▸ **PROBLEM TO SOLVE**: Working from the records below, repeat exactly the lines starting at the line that contains "李宁运动乒乓球服吸汗透气男女款" and ending at the line that contains "SONY Smart TV", inclusive.

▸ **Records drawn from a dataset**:
────────

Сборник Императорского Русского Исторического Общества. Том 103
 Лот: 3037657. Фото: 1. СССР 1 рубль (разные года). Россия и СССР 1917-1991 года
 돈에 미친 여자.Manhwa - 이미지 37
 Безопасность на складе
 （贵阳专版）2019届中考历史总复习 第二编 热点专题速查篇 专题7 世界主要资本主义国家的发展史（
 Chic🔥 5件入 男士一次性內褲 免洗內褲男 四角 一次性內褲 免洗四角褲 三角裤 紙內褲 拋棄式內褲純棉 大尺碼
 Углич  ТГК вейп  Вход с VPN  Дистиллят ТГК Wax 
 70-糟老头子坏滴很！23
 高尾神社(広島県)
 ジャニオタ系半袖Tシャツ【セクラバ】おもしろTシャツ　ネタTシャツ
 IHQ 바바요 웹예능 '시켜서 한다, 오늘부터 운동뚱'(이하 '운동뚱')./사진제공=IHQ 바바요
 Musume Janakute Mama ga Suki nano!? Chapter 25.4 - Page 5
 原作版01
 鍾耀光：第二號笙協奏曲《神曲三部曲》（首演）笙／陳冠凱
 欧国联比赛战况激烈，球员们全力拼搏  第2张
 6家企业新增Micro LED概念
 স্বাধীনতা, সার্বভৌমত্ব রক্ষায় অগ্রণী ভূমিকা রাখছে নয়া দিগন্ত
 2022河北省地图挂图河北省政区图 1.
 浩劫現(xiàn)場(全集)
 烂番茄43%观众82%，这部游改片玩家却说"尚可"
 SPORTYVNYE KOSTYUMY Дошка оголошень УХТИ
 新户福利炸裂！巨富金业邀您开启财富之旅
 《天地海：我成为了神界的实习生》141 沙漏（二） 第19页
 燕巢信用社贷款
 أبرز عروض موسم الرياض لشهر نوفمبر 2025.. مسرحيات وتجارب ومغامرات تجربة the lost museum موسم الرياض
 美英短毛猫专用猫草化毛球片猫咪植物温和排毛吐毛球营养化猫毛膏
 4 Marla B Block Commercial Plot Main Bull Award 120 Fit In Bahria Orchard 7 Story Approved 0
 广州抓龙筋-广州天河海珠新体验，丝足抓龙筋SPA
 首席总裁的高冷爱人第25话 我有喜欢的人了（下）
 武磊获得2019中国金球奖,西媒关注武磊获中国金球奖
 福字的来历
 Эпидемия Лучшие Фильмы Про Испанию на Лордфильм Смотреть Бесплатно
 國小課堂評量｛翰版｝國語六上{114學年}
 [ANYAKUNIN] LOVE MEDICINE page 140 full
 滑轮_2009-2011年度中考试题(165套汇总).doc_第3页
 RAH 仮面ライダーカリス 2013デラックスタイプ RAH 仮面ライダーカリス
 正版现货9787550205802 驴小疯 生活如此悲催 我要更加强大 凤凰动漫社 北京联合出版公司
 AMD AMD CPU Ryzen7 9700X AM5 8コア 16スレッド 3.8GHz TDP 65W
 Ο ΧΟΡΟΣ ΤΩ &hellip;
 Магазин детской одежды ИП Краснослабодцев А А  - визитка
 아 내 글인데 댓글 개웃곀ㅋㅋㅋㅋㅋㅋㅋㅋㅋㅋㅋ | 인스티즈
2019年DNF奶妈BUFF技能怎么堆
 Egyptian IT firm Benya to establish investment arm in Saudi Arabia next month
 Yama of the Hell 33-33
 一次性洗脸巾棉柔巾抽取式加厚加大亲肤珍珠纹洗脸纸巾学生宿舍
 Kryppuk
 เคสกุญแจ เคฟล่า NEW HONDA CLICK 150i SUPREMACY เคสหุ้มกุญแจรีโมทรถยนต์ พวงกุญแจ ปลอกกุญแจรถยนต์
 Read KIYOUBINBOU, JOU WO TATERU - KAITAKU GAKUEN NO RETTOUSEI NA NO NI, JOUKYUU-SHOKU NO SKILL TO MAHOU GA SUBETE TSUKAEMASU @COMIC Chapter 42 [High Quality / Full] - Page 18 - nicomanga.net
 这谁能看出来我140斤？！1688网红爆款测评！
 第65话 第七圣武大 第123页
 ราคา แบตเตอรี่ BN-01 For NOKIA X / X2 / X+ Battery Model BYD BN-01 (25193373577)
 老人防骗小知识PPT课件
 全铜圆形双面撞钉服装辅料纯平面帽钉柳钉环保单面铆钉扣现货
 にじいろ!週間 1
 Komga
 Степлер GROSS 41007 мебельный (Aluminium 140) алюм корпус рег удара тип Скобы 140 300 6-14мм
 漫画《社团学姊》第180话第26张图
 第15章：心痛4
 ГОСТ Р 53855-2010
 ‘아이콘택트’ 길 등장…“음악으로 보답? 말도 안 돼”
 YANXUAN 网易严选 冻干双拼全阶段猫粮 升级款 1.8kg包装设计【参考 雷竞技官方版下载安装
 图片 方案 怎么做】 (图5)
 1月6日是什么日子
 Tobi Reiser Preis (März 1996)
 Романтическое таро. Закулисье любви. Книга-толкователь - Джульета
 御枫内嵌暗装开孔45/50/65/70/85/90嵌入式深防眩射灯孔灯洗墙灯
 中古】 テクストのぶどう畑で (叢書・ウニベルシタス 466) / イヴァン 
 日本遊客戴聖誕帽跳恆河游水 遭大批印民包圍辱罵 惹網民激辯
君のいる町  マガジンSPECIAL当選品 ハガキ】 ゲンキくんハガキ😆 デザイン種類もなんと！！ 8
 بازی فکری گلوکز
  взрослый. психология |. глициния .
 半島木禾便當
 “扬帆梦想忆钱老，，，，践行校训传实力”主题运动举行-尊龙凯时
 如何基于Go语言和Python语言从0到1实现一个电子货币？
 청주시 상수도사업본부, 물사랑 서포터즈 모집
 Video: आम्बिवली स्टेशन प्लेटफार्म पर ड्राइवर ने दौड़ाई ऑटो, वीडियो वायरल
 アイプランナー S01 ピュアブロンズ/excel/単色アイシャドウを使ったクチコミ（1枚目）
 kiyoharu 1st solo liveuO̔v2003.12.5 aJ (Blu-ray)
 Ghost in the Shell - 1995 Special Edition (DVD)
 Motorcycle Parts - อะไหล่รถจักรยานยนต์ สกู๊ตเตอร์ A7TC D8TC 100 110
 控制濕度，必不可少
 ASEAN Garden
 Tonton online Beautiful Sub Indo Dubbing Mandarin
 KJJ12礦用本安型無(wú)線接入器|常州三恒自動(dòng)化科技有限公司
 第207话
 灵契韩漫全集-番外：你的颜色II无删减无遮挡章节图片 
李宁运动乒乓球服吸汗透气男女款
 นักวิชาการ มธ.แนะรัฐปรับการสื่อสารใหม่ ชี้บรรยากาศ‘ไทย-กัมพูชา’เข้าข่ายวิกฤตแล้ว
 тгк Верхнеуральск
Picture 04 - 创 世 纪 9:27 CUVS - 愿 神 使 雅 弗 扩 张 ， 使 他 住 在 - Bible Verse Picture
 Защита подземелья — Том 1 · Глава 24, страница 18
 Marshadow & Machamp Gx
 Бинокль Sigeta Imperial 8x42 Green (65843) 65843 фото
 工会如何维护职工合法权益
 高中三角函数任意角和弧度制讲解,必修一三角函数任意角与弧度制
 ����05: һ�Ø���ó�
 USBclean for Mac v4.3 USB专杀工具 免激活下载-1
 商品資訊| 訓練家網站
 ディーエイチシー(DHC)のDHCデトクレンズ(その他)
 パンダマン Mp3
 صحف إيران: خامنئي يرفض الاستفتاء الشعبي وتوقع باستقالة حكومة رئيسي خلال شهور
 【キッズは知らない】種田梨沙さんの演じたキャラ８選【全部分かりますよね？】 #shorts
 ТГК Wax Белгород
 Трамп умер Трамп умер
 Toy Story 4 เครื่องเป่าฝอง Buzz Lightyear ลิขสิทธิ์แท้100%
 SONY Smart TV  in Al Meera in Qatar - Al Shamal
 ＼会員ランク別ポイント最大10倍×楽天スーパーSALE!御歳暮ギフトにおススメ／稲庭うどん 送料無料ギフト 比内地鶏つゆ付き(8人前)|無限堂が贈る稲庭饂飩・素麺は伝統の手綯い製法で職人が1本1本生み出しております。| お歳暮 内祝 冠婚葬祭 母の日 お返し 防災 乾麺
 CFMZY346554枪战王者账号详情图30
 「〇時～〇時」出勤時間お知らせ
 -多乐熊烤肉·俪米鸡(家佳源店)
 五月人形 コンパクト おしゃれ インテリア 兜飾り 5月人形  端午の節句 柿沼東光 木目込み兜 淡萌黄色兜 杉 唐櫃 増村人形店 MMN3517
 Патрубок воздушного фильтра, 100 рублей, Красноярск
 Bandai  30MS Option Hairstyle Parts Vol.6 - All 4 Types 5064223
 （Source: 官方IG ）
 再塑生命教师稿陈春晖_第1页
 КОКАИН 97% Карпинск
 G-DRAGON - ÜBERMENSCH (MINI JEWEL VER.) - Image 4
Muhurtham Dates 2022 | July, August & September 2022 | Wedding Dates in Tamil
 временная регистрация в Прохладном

────────

▸ **TASK ANSWER**:
李宁运动乒乓球服吸汗透气男女款
 นักวิชาการ มธ.แนะรัฐปรับการสื่อสารใหม่ ชี้บรรยากาศ‘ไทย-กัมพูชา’เข้าข่ายวิกฤตแล้ว
 тгк Верхнеуральск
Picture 04 - 创 世 纪 9:27 CUVS - 愿 神 使 雅 弗 扩 张 ， 使 他 住 在 - Bible Verse Picture
 Защита подземелья — Том 1 · Глава 24, страница 18
 Marshadow & Machamp Gx
 Бинокль Sigeta Imperial 8x42 Green (65843) 65843 фото
 工会如何维护职工合法权益
 高中三角函数任意角和弧度制讲解,必修一三角函数任意角与弧度制
 ����05: һ�Ø���ó�
 USBclean for Mac v4.3 USB专杀工具 免激活下载-1
 商品資訊| 訓練家網站
 ディーエイチシー(DHC)のDHCデトクレンズ(その他)
 パンダマン Mp3
 صحف إيران: خامنئي يرفض الاستفتاء الشعبي وتوقع باستقالة حكومة رئيسي خلال شهور
 【キッズは知らない】種田梨沙さんの演じたキャラ８選【全部分かりますよね？】 #shorts
 ТГК Wax Белгород
 Трамп умер Трамп умер
 Toy Story 4 เครื่องเป่าฝอง Buzz Lightyear ลิขสิทธิ์แท้100%
 SONY Smart TV  in Al Meera in Qatar - Al Shamal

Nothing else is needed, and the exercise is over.